I wanted to start a 5 machine CouchDB cluster, so I defined a couchdb node type:


(defnode couchnode {}
  :bootstrap (phase (automated-admin-user))
  :configure (phase (java :openjdk)
                    (couchdb)))

Node names can’t have hypens in them, so scrunch everything together. The phase calls are a macro that run packaged configurations called crates. The above adds my public key (~/.ssh/id_rsa.pub) as authorized to login to a couchdb node, and then installs the Open JDK and CouchDB. Cool thing about this is that we don’t specify and it doesn’t matter what flavor of Linux is running on the node, these crates are agnostic.

Logging into the Box

jclouds, not Pallet as far as I can tell, when targeted at EC2 creates a new security group per tag (nodetype) and a new key pair per box. This is good security practice, but it wasn’t obvious to me how to get the actual key so that I could log into a node and pooke around.

Poking around on individual nodes is what Pallet is supposed to save you from, so much later in your comfortability with the tool I’m sure that this sort of thing doesn’t matter, but it’s an issue I encountered.

The automated-admin-user crate is incredibly useful in this regard. It authorizes a public key for login in addition to the one that jclouds creates. By default it authorizes ~/.ssh/id_rsa.pub, your public key, but you can supply your own along with a few more advanced options defined in the pallet.crate.ssh-key namespace.

Beefier Boxes

The couchdb node we defined above by default uses the smallest instance available. On EC2, this is the t1.micro instance. If we need more memory or want more cores, we need to specify that in our node definition.


(defnode couchnode {:min-ram (* 7 1024) :min-cores 2}
  :bootstrap (phase (automated-admin-user))
  :configure (phase (java :openjdk)
                    (couchdb)))

The Pallet docs don’t do a stellar job of outlining what these options are, but that may be because the options themselves are specified in the jclouds Clojure API source, in jclouds/compute/src/main/clojure/org/jclouds/compute.clj:


os-family 
location-id 
architecture 
image-id 
hardware-id
os-name-matches 
os-version-matches
os-description-matches
os-64-bit
image-version-matches 
image-name-matches
image-description-matches 
min-cores 
min-ram
run-script 
install-private-key 
authorize-public-key
inbound-ports 
smallest 
fastest 
biggest 
any 
destroy-on-error

On EC2, with only the RAM and Cores specified, the Amazon Machine Image (AMI) is left to the library to choose. I think jclouds (I think Pallet offloads this logic) chose poorly. The machine is Ubuntu 9.02, whose ssh daemon takes forever to start (consistently more than 10 minutes for me), and once it is started, jclouds itself seemed to be locked out, all of its operations failing with an “Auth failure” message. So as a final step, I found a fresh Ubuntu 10.04 image and specified that along with the other information:


(defnode couchnode {:image-id "us-east-1/ami-da0cf8b3" :min-ram (* 7 1024) :min-cores 2}
  :bootstrap (phase (automated-admin-user))
  :configure (phase (java :openjdk)
                    (couchdb)))

Converge and Lift

With the node type specified, it’s time to start up a few instances. This is the job of converge. First, we create a compute-service object and then we’re good to go:


(def ec2-service (compute-service "ec2" :identity ec2-access-id :credential ec2-secret-key)

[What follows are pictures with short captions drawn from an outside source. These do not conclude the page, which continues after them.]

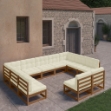Set Salotto Giardino e Cuscini 11 pz Legno Massello Pino Ambra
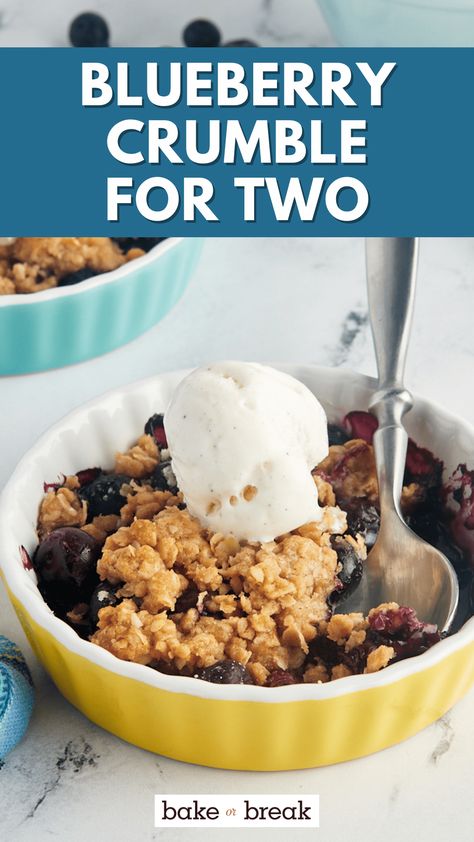 This blueberry crumble for two pairs jammy blueberries with an irresistible cinnamon-spiced oat topping for a summery small-batch dessert! Blueberry Oat Crumble, Blueberry Crisp For Two, Blueberry Crisp For One, Blueberry Cobbler Small Batch, Small Batch Blackberry Cobbler, Ramekin Recipes Dessert For Two, Small Batch Blueberry Crisp, Blueberry Dessert For Two, Blueberry Cobbler For Two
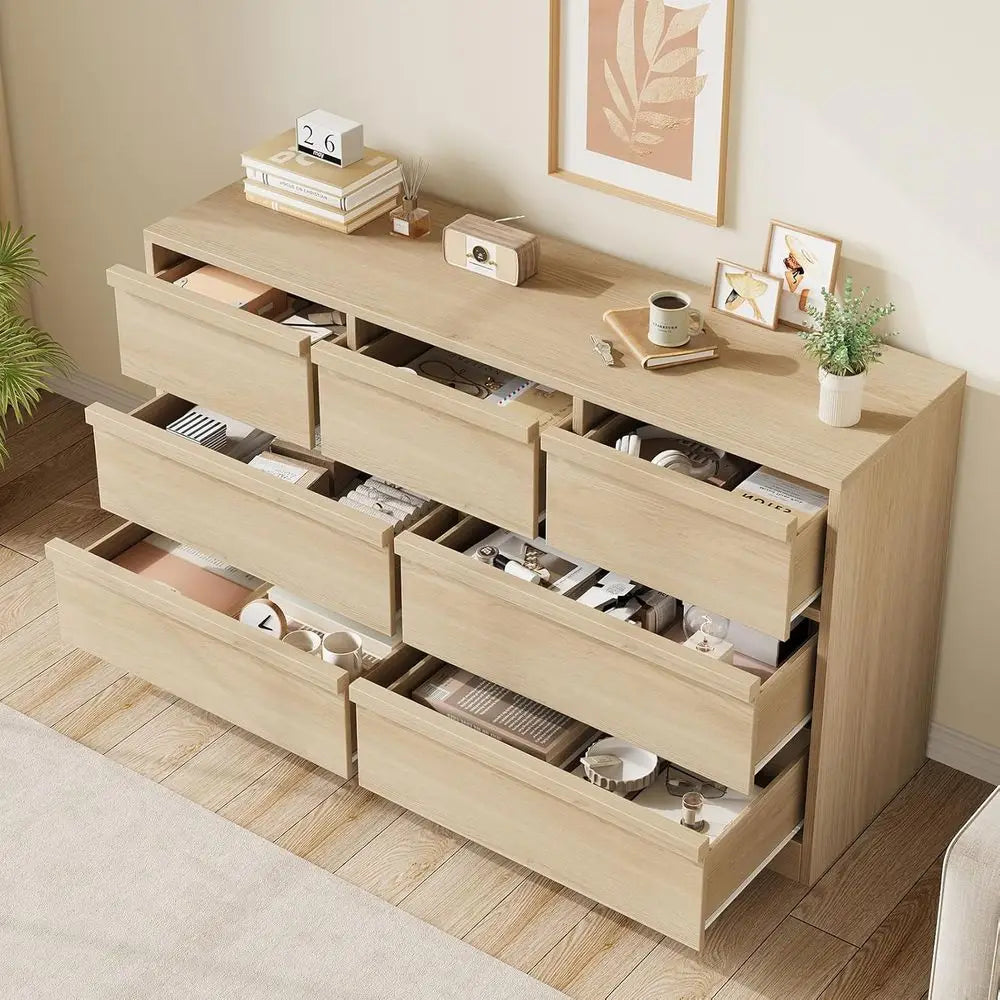 7 Drawer Dresser for Bedroom, 54in Wide Natural Oak 7 Chest of Drawers with Large Storage, Wooden Dresser Organizer for Living R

(converge {couchnode 5} :compute ec2-service)

converge is kind of neat as it will stop or start new nodes as necessary to bring the total number specified per nodetype. It runs :bootstrap for newly started nodes and :configure for all nodes to ensure that when it completes that you have a homogenous cluster of machines at your disposal.

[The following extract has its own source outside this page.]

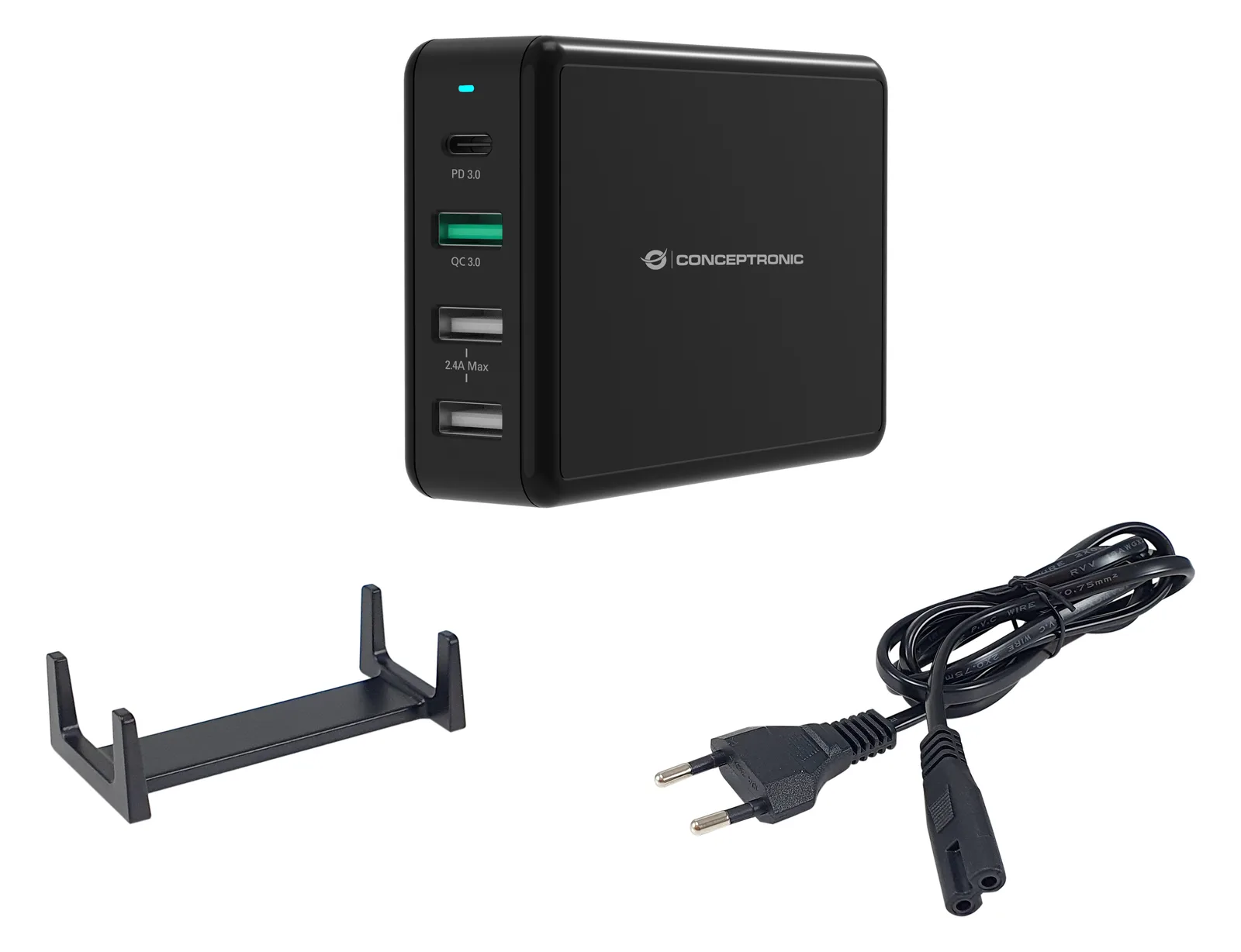 Conceptronic OZUL 4-Port 65W USB-PD Desktop-Ladegerät - Indoor - AC - 5 V - Schwarz, Ansicht 3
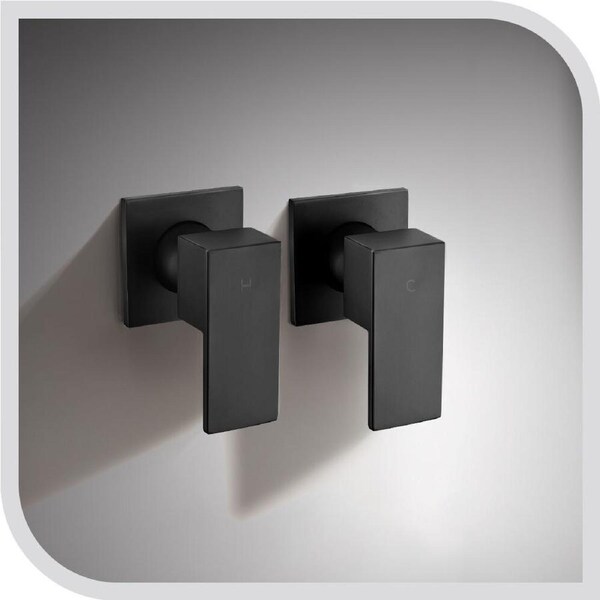 Simplus Dual Shower Mixer Tap Hot Cold Square Bath Brass Shower Mixer Watermark Black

There is a similar operation, lift that applies phases to all of the nodes of a certain type. It looks very similar in form to converge, but it doesn’t guarantee to run :configure unless you explicitly specify that it should. This makes lift a good candidate for applying configurations to a set of nodes after they’ve already been started:


(lift couchnode
      :compute ec2-service
      :phase (phase (jetty)))

There’s a couple of namespace imports that you need to make to be able to run the above code as it exists above, you can get your hands on the whole thing here.